I have a great fondness for the Landmark Midtown Art Cinema here in Atlanta. I count myself very lucky to have this theatre around as it is one of the only venues here in Atlanta that shows the greater variety of independent and more influential films that are being produced today. Last night, Br. Addison and I went to see the new documentary on Hunter S. Thompson. That alone will be topic for a later post. But to my great surprise, I saw a preview for a new film by Parvez Sharma (Director) and Sandi DuBowski (the same producer of “Trembling Before G-d”).
As with DuBowski’s previous film, Sharma and DuBowski explore the intersection of religion and homosexuality, but this time Sharma will lead us into the heart of dogmatic and fundamentalist Islam. The trailer alone caught my breath and left me stunned. (http://www.firstrunfeatures.com/trailers_jihadforlove.html) It was obvious, just from this glimpse, that this will be an exceptionally courageous and powerful film.

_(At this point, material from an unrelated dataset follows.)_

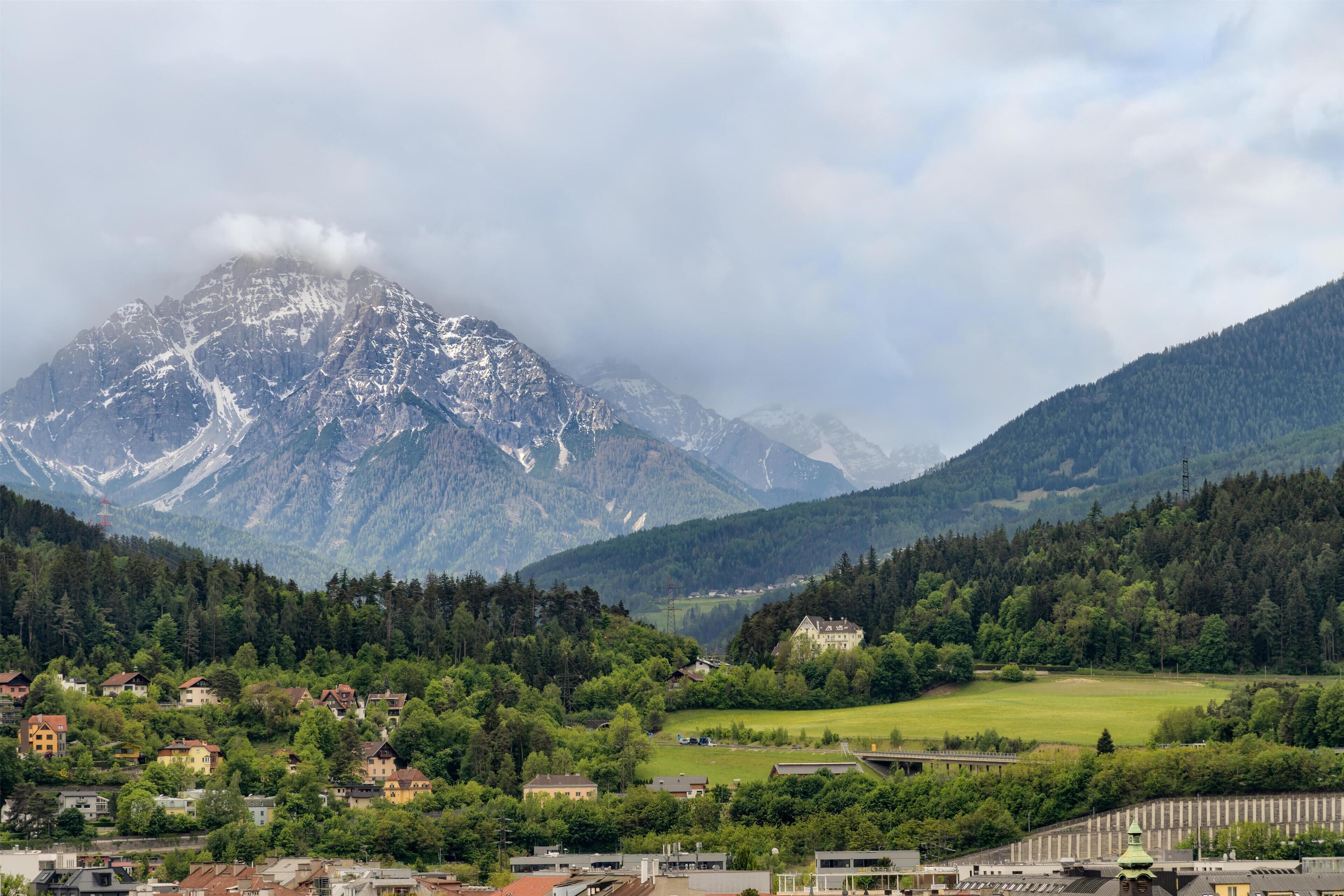 Un paysage montagneux avec un village, des maisons et un sommet de montagne bien visible.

One line in particular from the trailer frightened me the most. Clad in his white robe, what I assume is a Muslim cleric states: “Homosexuality is a crime in Islam, and is punishable by death…The only difference among the jurists is how the person should be killed. That’s the only difference.” And here we see the ironic bedfellows of fundamentalist christians and fundamentalist muslims. Just as I’ve written before, here again Christianity and Islam share a commonality, but unlike previous posts, here we see that both religions are subject to the same maligned interpretations of their fundamentalist or even orthodox sects.
It proves to be the case in every religion: the fundamentalists – and to a degree, the doctrinally orthodox – are the most violent, angry and hate-filled individuals of their world-encompassing religions. And though the fundamentalists are not majorities within their faiths, they are typically the most vocal and outwardly (in both word and action) violent and abusive. It should bear striking witness to the fact that none of these fundamentalist sects could exist without a scapegoat they can target. Within my own Christian faith, it saddens me that these denominations have chosen to revert back to the ritual of scapegoating, the very practice that Jesus abolished.

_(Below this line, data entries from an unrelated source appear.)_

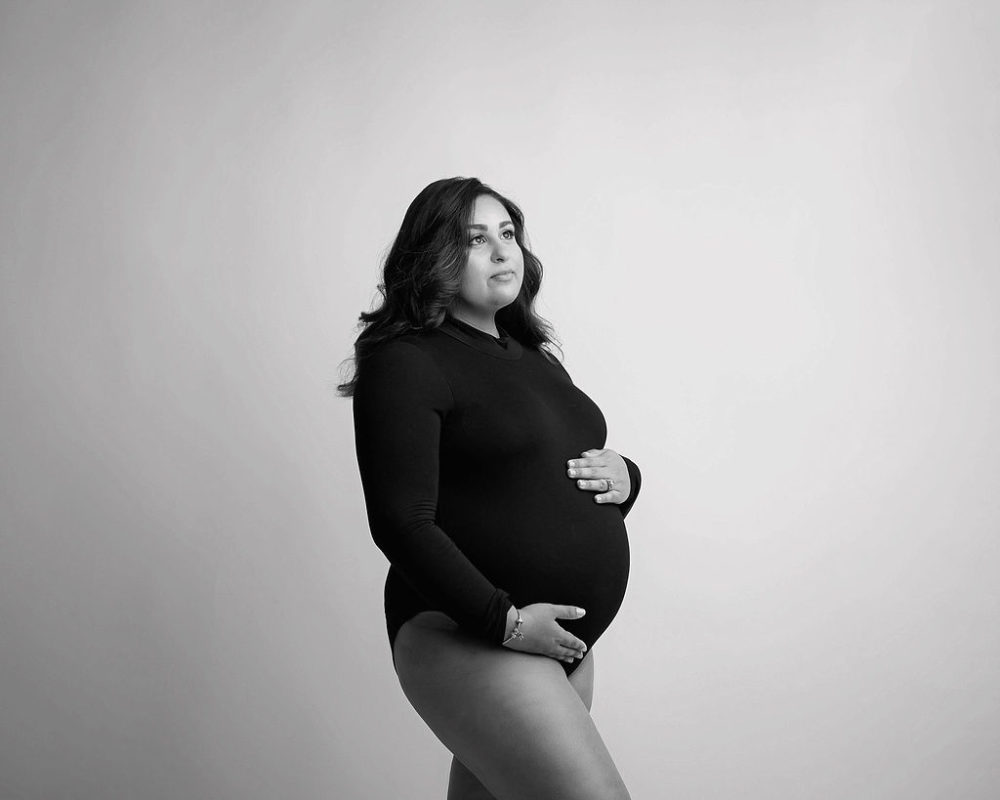 Mom wearing bodysuit holding her belly for her in-studio professional maternity photos in Pemberton, New Jersey.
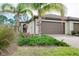 Charming home exterior with a well-maintained lawn, lush landscaping, and a two-car garage at 12187 Amica Loop, Venice, FL 34293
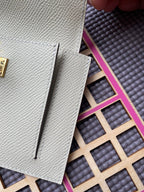 HERMES Kelly Pocket 13.5 White Epsom Ghw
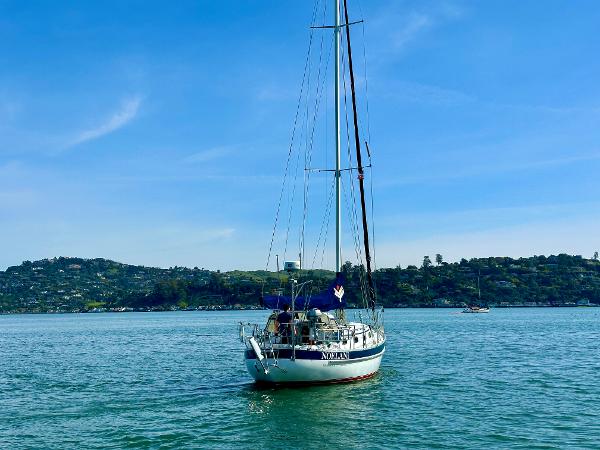 Sailboat Valiant 39 (1996) on calm water with scenic hills in the background.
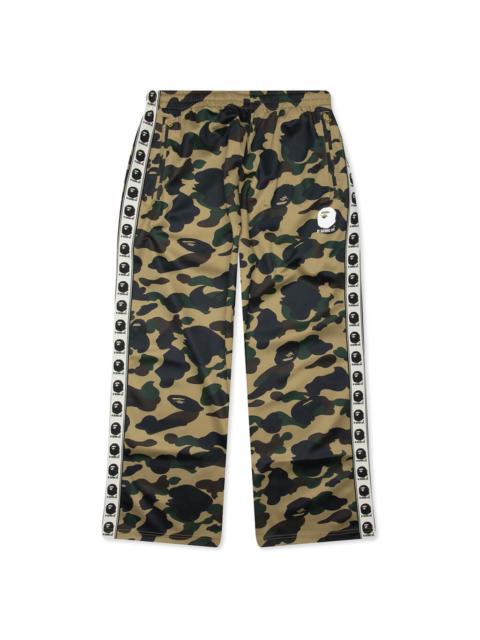 A BATHING APE® 1ST CAMO LOOSE FIT TRACK PANTS - YELLOW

And it is no wonder that these fundamentalists are trying so hard to protect their hatred against homosexuals. After all, the LGBTQ community is one of the last scapegoats they have left. In most culturally advanced countries, equalities have been offered (at least on paper) between the races, and between the sexes. If these religions lost the legal ability to persecute, intimidate, harass and kill homosexuals without fear of moral or ethical reprisal, then who would they have left to hate? Who would be left to stand above so that they will be able to feel justified in themselves? Who would be left to target and abuse and thus save them from finally having to look inwards at themselves?
It still remains dangerous within Christianity and Judaism, let alone Islam to stand up against and especially expose the prejudices that remain against homosexuals. But fundamentalists in all faiths have been allowed the shelter of silence and twisted religious tolerance for their violence for too long. The only way to end it is to bring their bloodied hands to the light for all to see. It appears that this film will have the courage to do just that. I applaud Sharma and DuBowski for this effort and pray that it will be a solid step towards protecting those who are so inhumanely being hurt. It is time to shatter the silence that surrounds this violence and finally give speech to those who are being killed without a word. As a Christian, and fundamentally as a contemplative, I believe in a God of Love. And as the title of their film indicates, we will have to fight for that Love. But the weapons we choose to bear will have to be films like this instead of the typical weapons that fundamentalists have chosen to use for so long. I can only pray that it will be enough to make a difference.